__Task to carry out__:
After locating the line that contains "Angler Angelhaken Angelrute", give that line and all the rest through the end of the entries again exactly, leaving the pictures out.

________

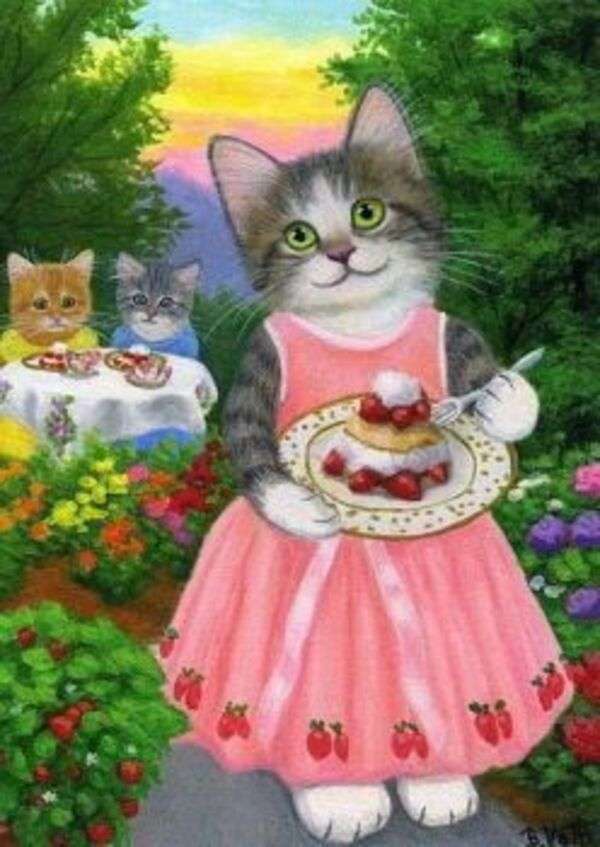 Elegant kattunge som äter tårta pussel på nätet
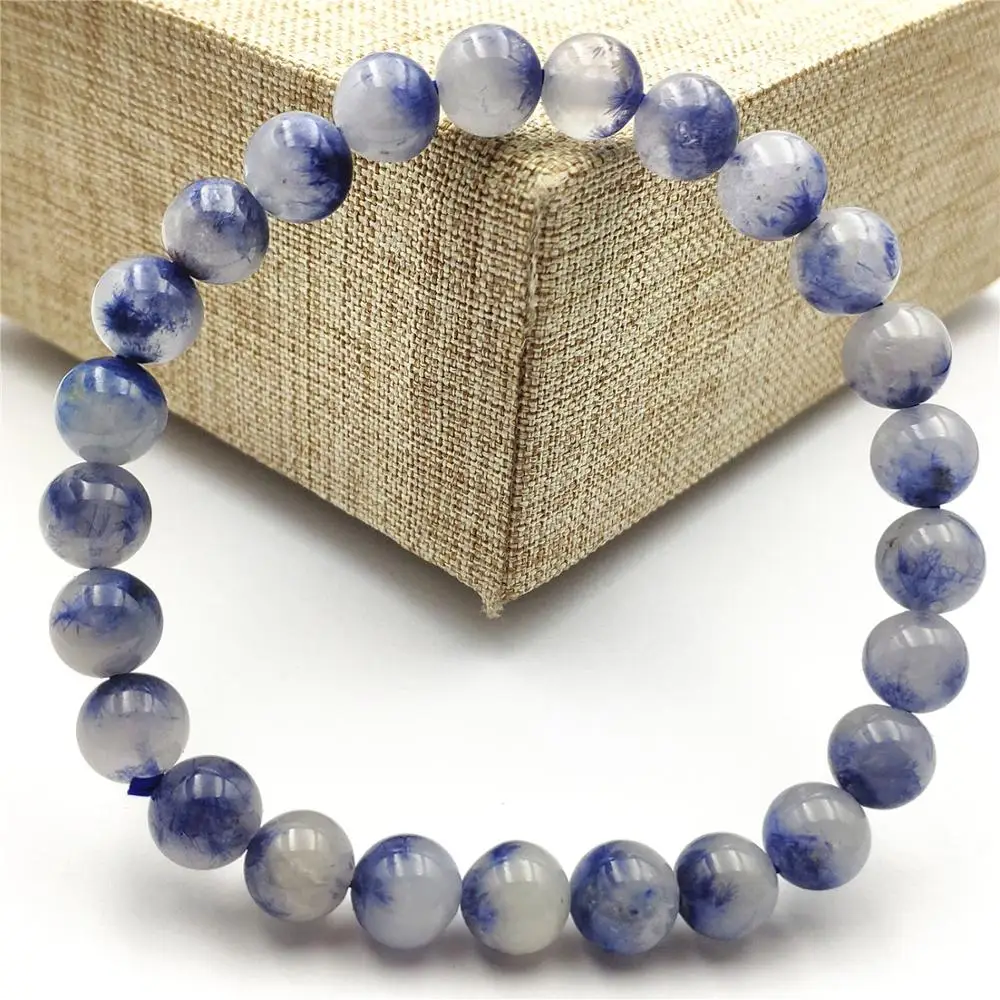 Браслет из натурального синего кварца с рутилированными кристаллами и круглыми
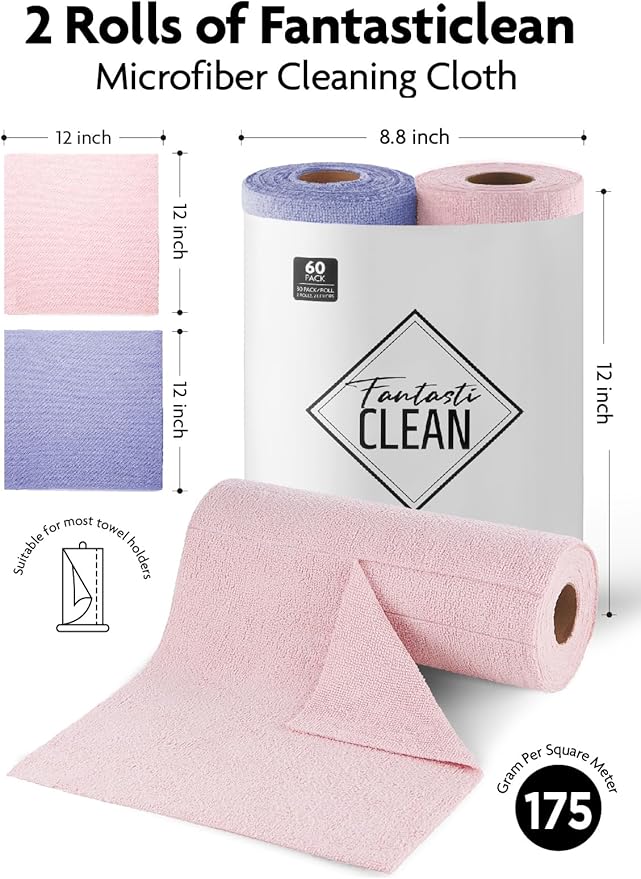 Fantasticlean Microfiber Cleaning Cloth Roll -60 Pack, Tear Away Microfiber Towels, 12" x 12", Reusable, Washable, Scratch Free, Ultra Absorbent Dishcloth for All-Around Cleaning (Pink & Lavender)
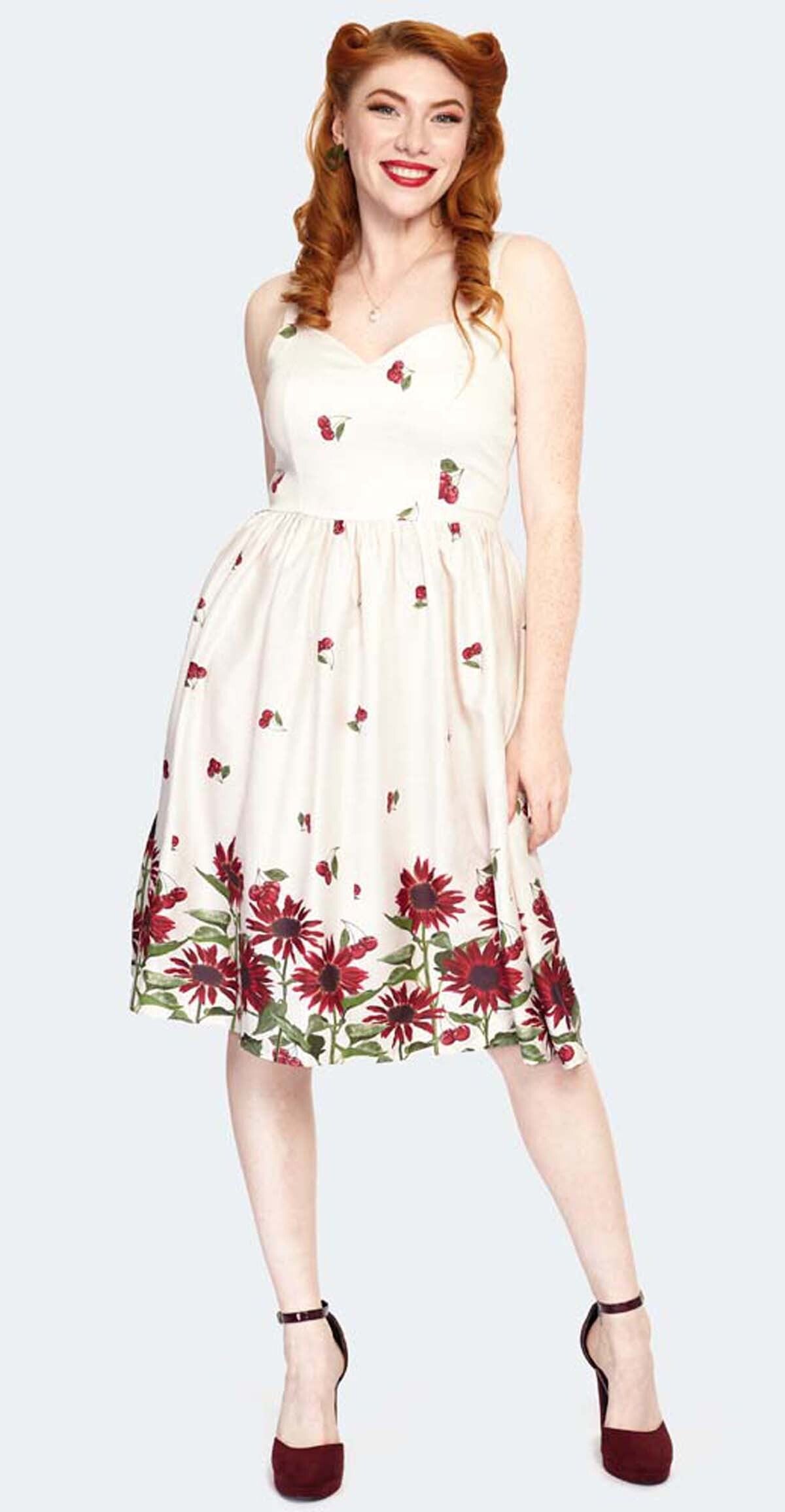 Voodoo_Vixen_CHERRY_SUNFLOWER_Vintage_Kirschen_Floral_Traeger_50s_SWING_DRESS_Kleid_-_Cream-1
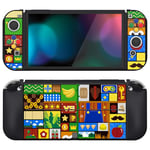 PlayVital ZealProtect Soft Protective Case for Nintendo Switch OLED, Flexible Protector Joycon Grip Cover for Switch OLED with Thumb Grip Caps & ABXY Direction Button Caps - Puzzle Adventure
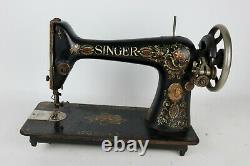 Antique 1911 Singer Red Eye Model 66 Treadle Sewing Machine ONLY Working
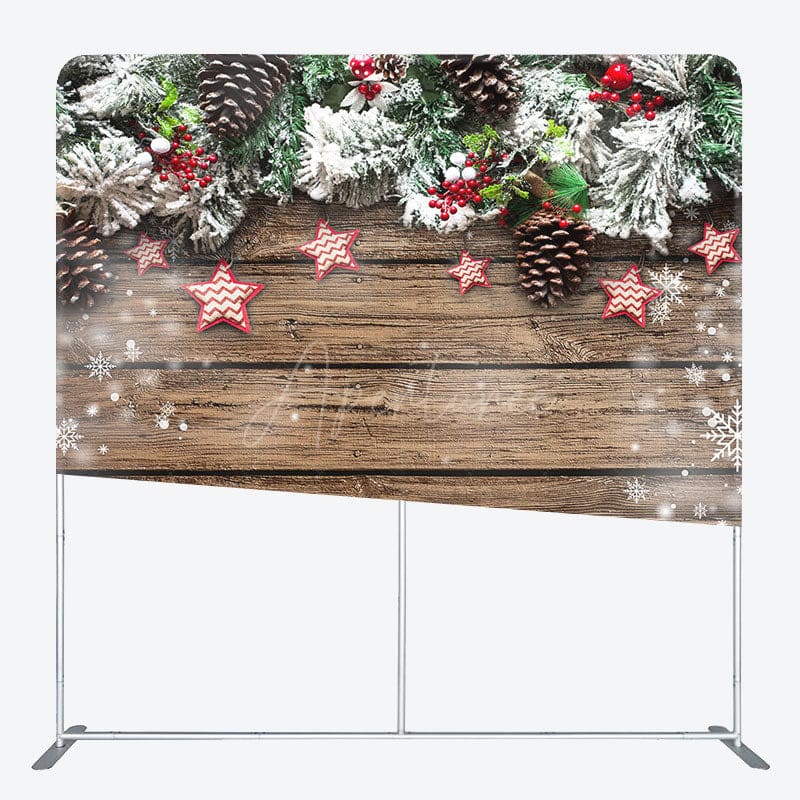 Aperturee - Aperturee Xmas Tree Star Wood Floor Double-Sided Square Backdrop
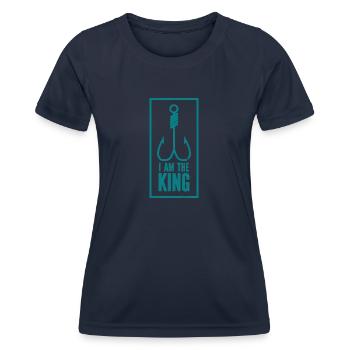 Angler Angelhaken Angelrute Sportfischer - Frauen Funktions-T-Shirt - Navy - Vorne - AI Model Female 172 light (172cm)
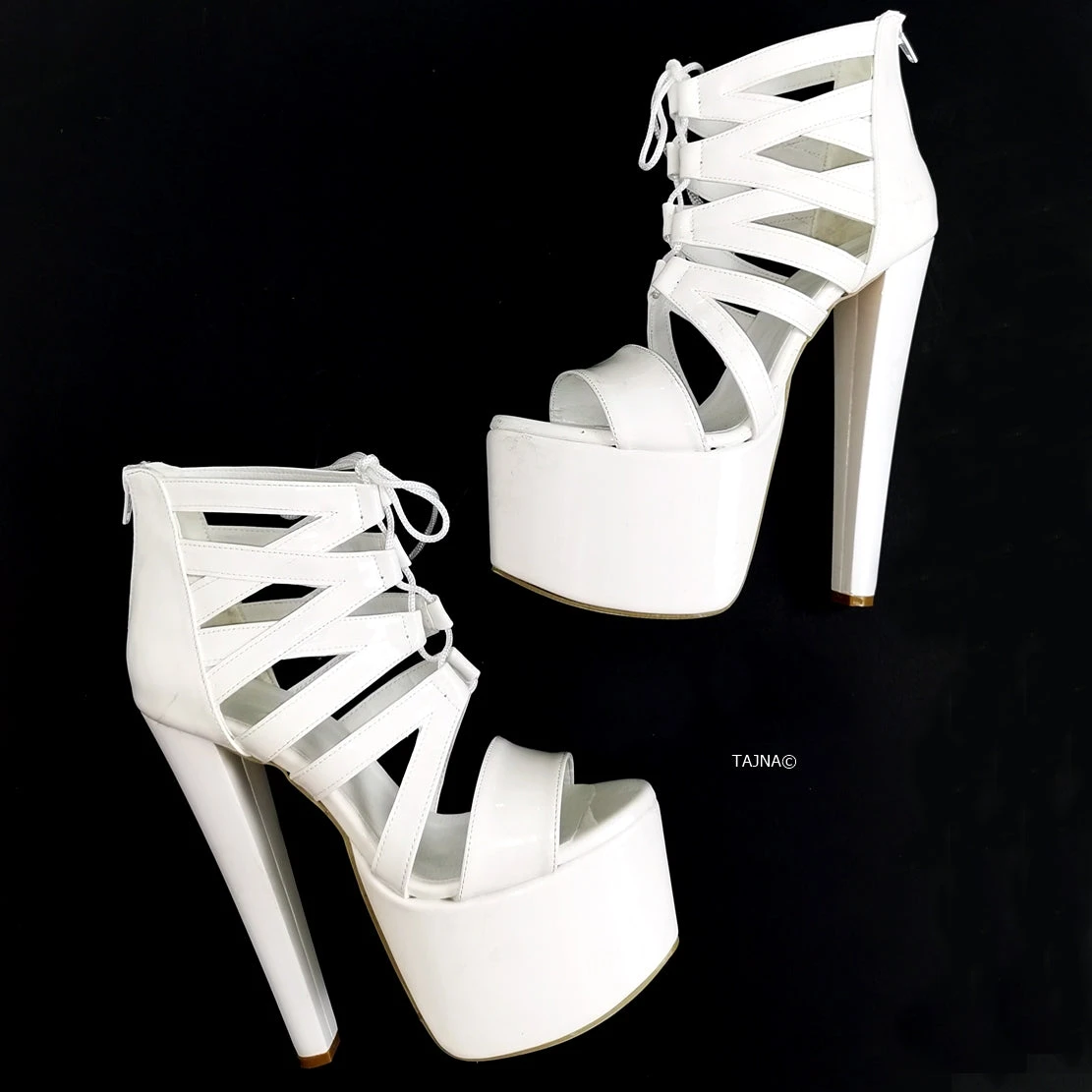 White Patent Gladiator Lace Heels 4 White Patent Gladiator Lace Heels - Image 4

________

__Answer for this exercise__:
 Angler Angelhaken Angelrute Sportfischer - Frauen Funktions-T-Shirt - Navy - Vorne - AI Model Female 172 light (172cm)
 White Patent Gladiator Lace Heels 4 White Patent Gladiator Lace Heels - Image 4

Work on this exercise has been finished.